▸ Your assignment: Return the lines of the data below, from the one containing "สู่สุคติ สหัส พุกกะมาน" through the very last, exactly and with both ends included; no pictures.

::: Materials provided :::

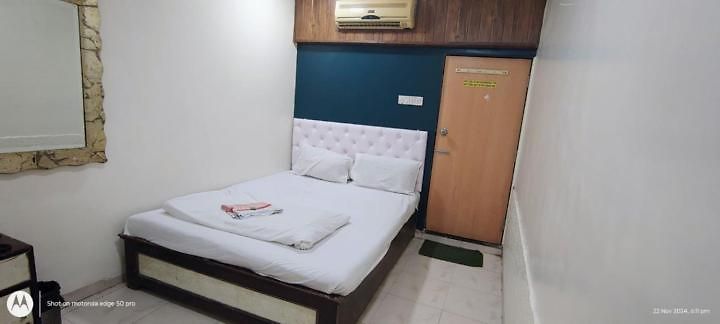 Om Sai Palace * Mumbai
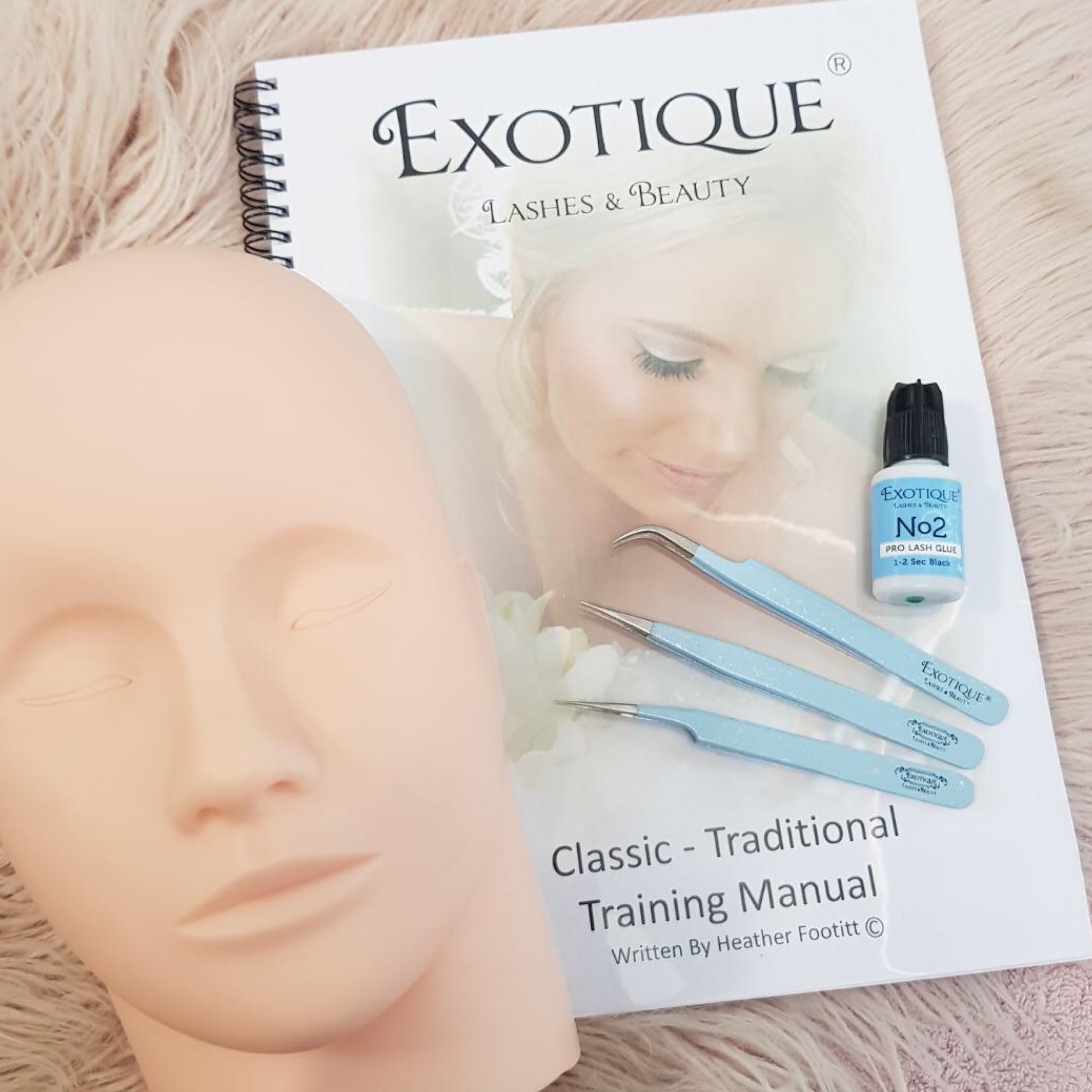 Online Eyelash Extension Training Course- Classic Lash style beginner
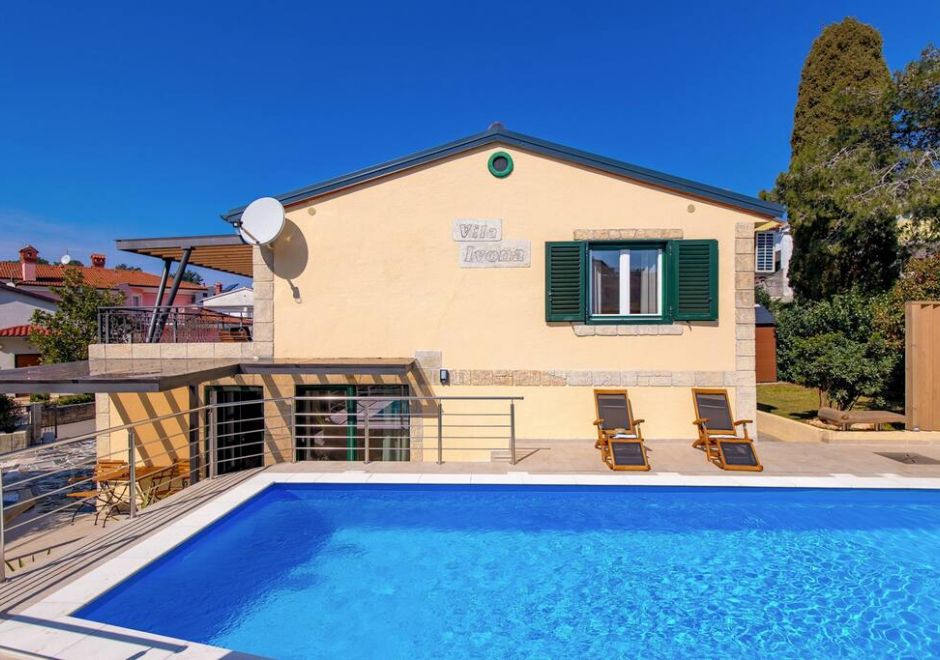 Villa Ivona with heated pool in Rovinj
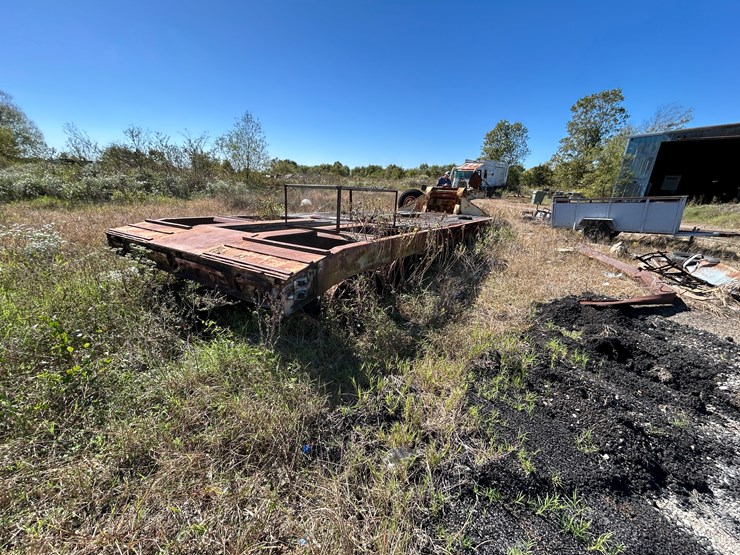 #22567-•-cw-4373-44'-t/a-fixed-neck-lowboy-trailer-cw-94-image-2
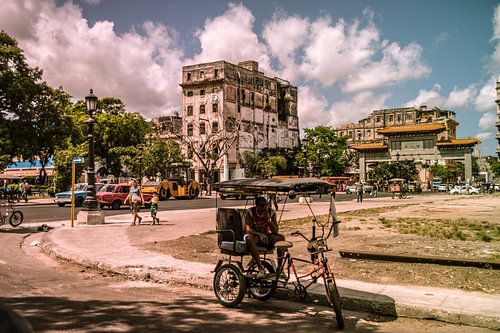 Fietstaxi voor Chinatown in Havanna by Natascha Friesen Baggen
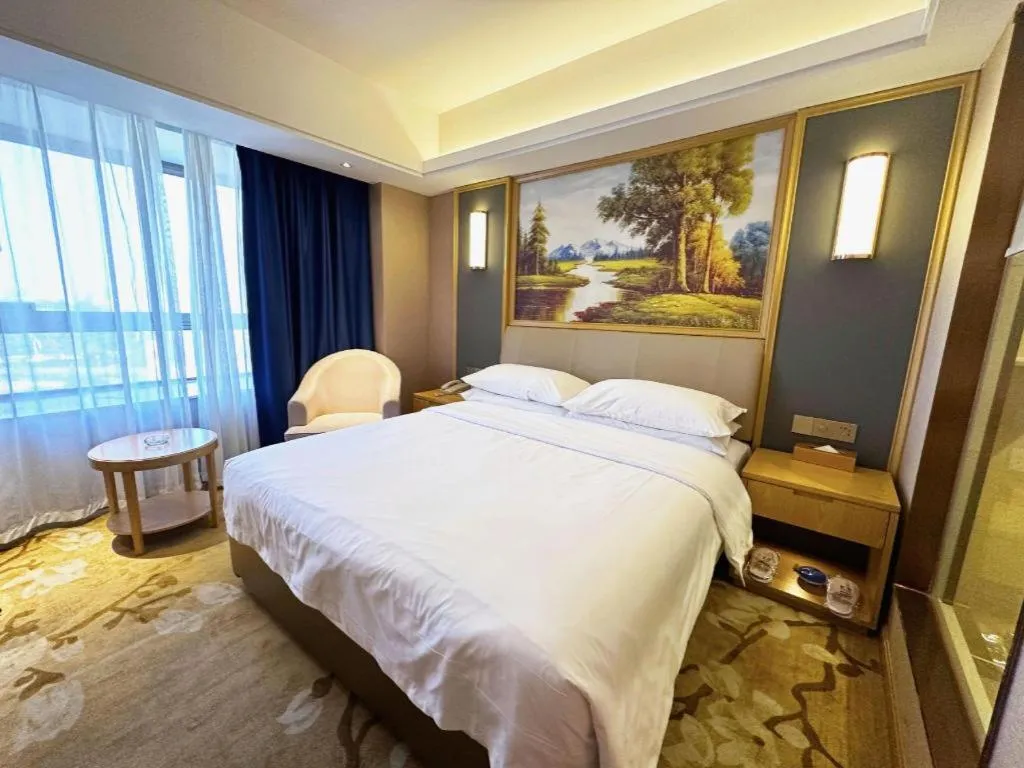 Bed in Vienna Hotel Guangdong Zhongshan South Area Passenger Station
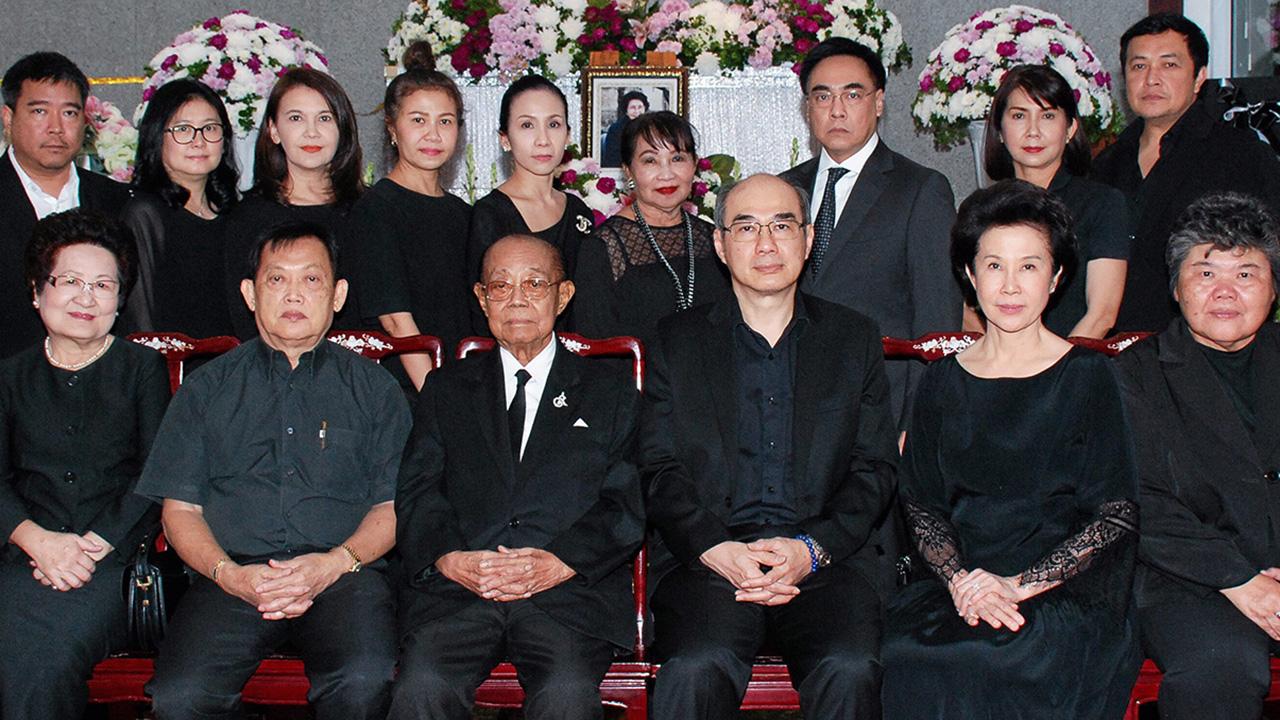 สู่สุคติ สหัส พุกกะมาน เป็นประธานในพิธีสวดพระอภิธรรมศพ สุมาลี ทิพยะวัฒน์ มารดา จรียา พุกกะมาน โดยมี พลากร สมสุวรรณ, กอบสุข จารุจินดา, ทินวัฒน์ พุกกะมาน, หทัยรัตน์ อมตวณิชย์ และ ดวงดาว จารุจินดา มาร่วมในพิธีด้วย ที่วัดมกุฏกษัตริยาราม วันก่อน.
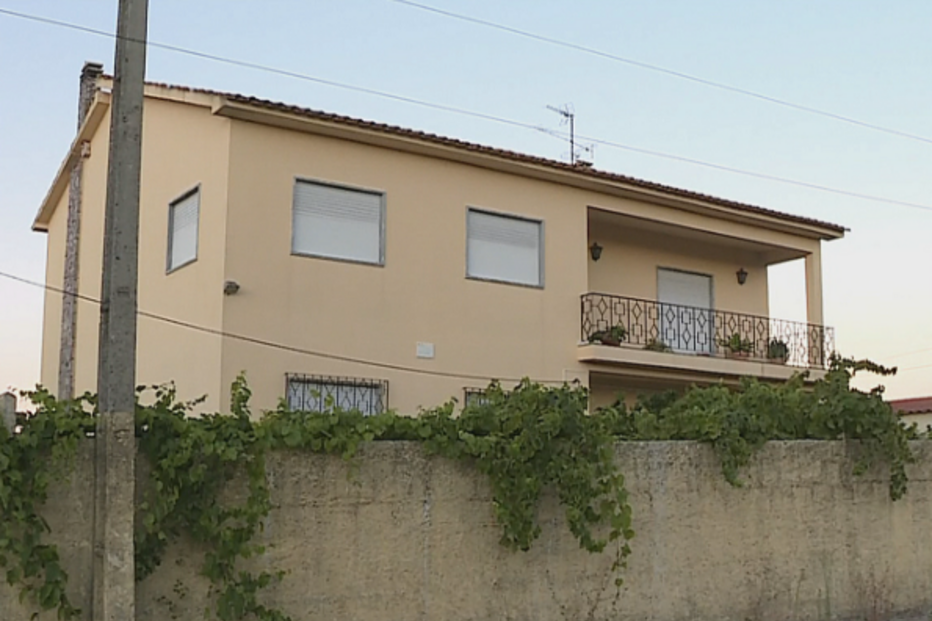 Homem morreu afogado na piscina em Azeitão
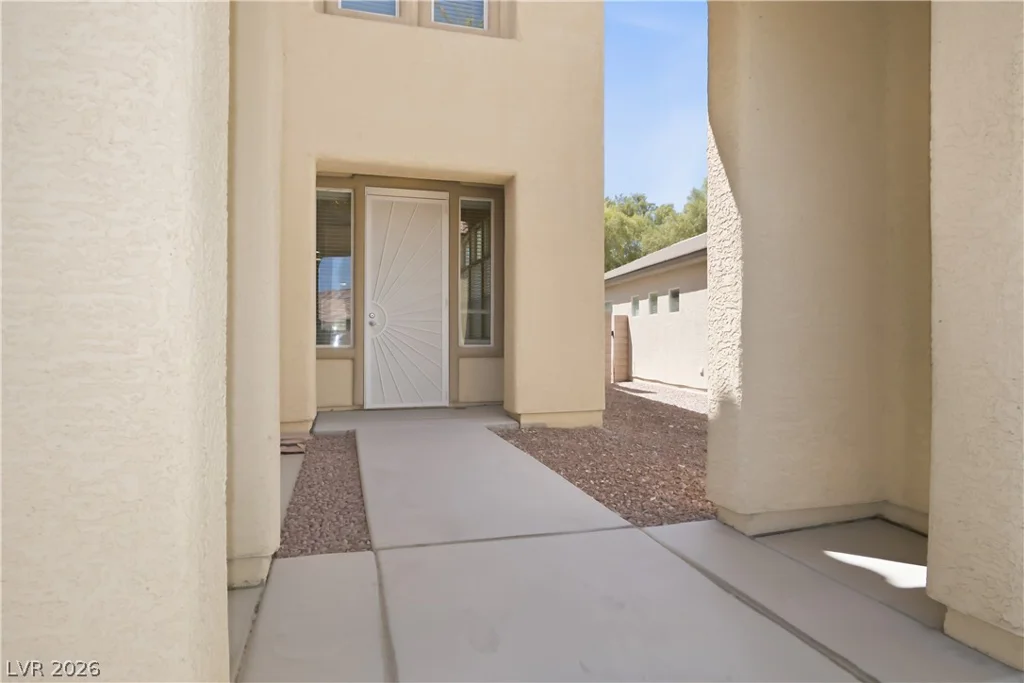 8305 Oakshire, Las Vegas, NV 89131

:::

▸ Exercise answer:
 สู่สุคติ สหัส พุกกะมาน เป็นประธานในพิธีสวดพระอภิธรรมศพ สุมาลี ทิพยะวัฒน์ มารดา จรียา พุกกะมาน โดยมี พลากร สมสุวรรณ, กอบสุข จารุจินดา, ทินวัฒน์ พุกกะมาน, หทัยรัตน์ อมตวณิชย์ และ ดวงดาว จารุจินดา มาร่วมในพิธีด้วย ที่วัดมกุฏกษัตริยาราม วันก่อน.
 Homem morreu afogado na piscina em Azeitão
 8305 Oakshire, Las Vegas, NV 89131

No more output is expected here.